C. Tales of Inhumanity:

“Khristya Chunyak, a forty-year-old peasant woman from the village of Krasilovka, in the Brovarsky district of the Kiev oblast, told me how Germans in Brovary were escorting a Jewish doctor, Feldman, to be executed.
This doctor, an old bachelor, had adopted two peasant orphans. The locals were very fond of him. A crowd of peasant women ran to the German commandant crying and pleading for Feldman’s life to be saved. The commandant felt obliged to give in to the women’s pleas. This was in the autumn of 1941.

Feldman continued to live in Brovary and treat the local peasants. He was executed in the spring of this year. Khristya Chunyak sobbed and finally burst into tears as she described to me how the old man was forced to dig his own grave. He had to die alone. There were no other Jews alive in the spring of 1943.
Vasily Grossman in the Ukraine with the advancing Red Army discovers what the Germans did in Kazary.

D. A Blast From the Past: Danny and the Tale of Prince Heimlich.

So, last night, at bed time, I continued telling the series of stories to Hayden that I had begun about two years ago when he was six. The stories concerned the adventures of Danny (Hayden’s alter ego) and his trusty pony Acorn (who Hayden now and then rides whenever we visit the ranch owned by our friends Bill and Naida).

Danny was resting at an oasis in the desert following his besting of “The Old Man Under the Mountain.” With him were his two friends; “The Black Knight,” a gorilla (Whose alter ego, a cuddly toy that Hayden insists share my bed) who is “The World’s Strongest Knight” and rides a white horse with brown spots like a cow and is called appropriately “White-brownie or Brown-whitey,” and; “The White Knight Who Used to be ‘The Old Man who Dressed Like a Beggar’ and was The Worlds Most Powerful Magician,” until Danny, in the throne room of the Green Castle, defeated him in a duel of magic aided by “The Monster Who Lives in the Closet and Who Now Lives in Acorn’s Saddlebags,” and turned him into a mouse.
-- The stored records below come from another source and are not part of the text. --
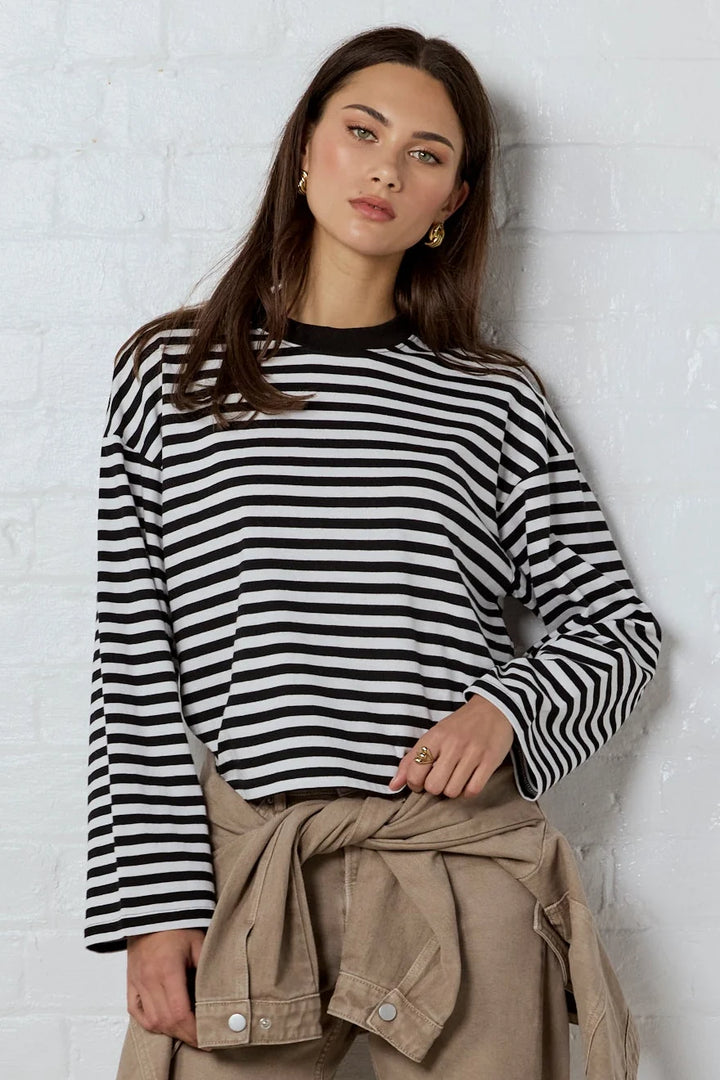 Unite Black & White Stripe Oversized Boxy Tee | Among the Brave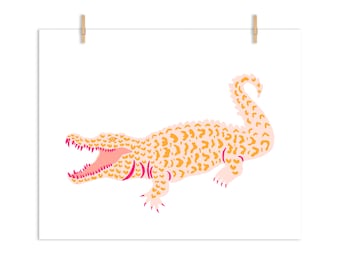 Pink Gator Print Illustration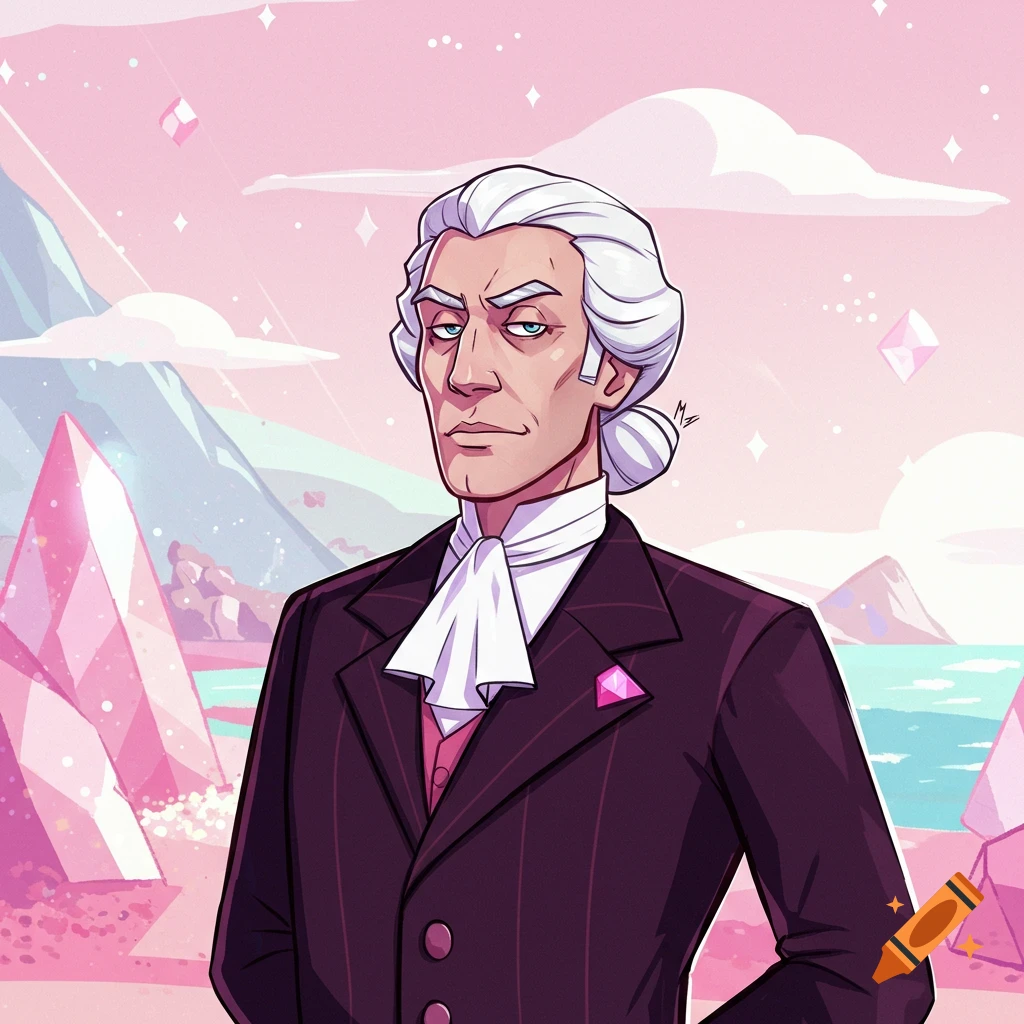Stylized man with white powdered hair and a dark pinstripe suit with a pink cravat, set against a pink and blue crystal landscape in Steven Universe style.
In order for Danny and The Black Knight to escape from the dungeon of the “Old Man Under the Mountain,” Danny, again with the aid of “The Monster who lives in the Closet but Now Lives in Acorn’s Saddlebags” turned him from a mouse into a young handsome human except with less magical power so that his full name now became, “The White Knight Who Used to be an Old Man Dressed Like a Beggar and the Worlds Most Powerful Magician Until he was Turned into a Mouse and Then into A Young Man who was Not a so Powerful Magician.” The White Knight rode a black horse named, “Blackie.”

They had just finished dinner and were drinking their milk while staring into the campfire when a troop of musicians and actors who were camping nearby came by and offered to put on a performance for the famous Knights.

The knights agreed that they would enjoy that and the chief musician tuned up his Lute and began his song by introducing his main protagonist a skinny boy of indeterminate age named “Heimlich.” Heimlich lived in a not so great but good enough castle in a dreary country somewhere that was always foggy. Heimlich was sad because his father, who was called “Pruneberry the King of the Castle” (and, if truth be known, King of little else) had just died. In addition almost before the body became cold or whatever it is body’s become after its inhabitant dies, his mother “Natasha Dewlap” married Heimlich’s uncle, “Julius Caesar” (we both thought that was a very funny name).

Anyway, Heimlich and his friend (who strangely did not have a name but it could just as well been something as ridiculous and “Guildenstern” or “Rosencrantz” or even “Miracle Max”) one evening, for some unknown reason, decided to go to visit the grave site where Pruneberry was buried. Along the way they came upon a pile of bones and a skull. Heimlich thought the skull reminded him of “Mortimer” his old kindergarten teacher.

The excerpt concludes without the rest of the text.